InLegalBERT
Property | Value |
---|---|
Parameters | 110M |
License | MIT |
Language | English |
Paper | Pre-training Transformers on Indian Legal Text |
What is InLegalBERT?
InLegalBERT is a specialized language model developed by researchers at IIT Kharagpur, specifically designed for Indian legal text processing. Built upon the LEGAL-BERT-SC foundation, this model has been trained on an extensive corpus of 5.4 million Indian legal documents spanning from 1950 to 2019, encompassing various legal domains including Civil, Criminal, and Constitutional law.
Implementation Details
The model follows the BERT-base architecture with 12 hidden layers, 768 hidden dimensions, and 12 attention heads. It was further trained for 300,000 steps using Masked Language Modeling (MLM) and Next Sentence Prediction (NSP) tasks on a 27GB corpus of legal text.

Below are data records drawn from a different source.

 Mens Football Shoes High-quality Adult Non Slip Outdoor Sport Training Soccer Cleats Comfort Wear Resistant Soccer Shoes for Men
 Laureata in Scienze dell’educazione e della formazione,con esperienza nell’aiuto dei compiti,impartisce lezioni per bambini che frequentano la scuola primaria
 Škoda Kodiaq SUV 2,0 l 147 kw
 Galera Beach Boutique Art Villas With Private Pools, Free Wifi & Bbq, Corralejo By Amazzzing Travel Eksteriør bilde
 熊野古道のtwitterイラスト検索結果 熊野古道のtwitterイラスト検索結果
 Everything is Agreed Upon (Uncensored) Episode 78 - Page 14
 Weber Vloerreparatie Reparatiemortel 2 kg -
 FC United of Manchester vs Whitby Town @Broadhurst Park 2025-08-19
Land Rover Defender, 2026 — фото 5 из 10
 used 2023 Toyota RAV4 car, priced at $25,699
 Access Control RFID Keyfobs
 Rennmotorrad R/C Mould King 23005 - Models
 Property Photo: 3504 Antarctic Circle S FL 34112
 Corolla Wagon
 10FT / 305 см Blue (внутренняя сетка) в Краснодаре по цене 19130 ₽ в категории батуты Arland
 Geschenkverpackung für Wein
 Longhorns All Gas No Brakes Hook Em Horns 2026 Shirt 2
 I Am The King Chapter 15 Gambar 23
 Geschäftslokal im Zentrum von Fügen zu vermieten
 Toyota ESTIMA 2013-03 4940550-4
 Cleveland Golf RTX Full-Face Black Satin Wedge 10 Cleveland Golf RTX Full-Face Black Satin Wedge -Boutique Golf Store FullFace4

- Pre-trained on Indian Supreme Court and High Court documents
- Compatible with the LegalBERT tokenizer
- Optimized for legal domain-specific tasks
Core Capabilities
- Legal Statute Identification from case facts
- Semantic Segmentation of legal documents into functional parts
- Court Judgment Prediction
- Generation of legal document embeddings
Frequently Asked Questions
Q: What makes this model unique?
InLegalBERT specializes in Indian legal text processing, demonstrating superior performance across various legal tasks compared to baseline models. Its training on a vast corpus of Indian legal documents makes it particularly effective for Indian legal applications.
Q: What are the recommended use cases?
The model is ideal for tasks such as legal document analysis, statute identification, court judgment prediction, and semantic segmentation of legal documents. It's particularly well-suited for applications involving Indian legal texts and documentation.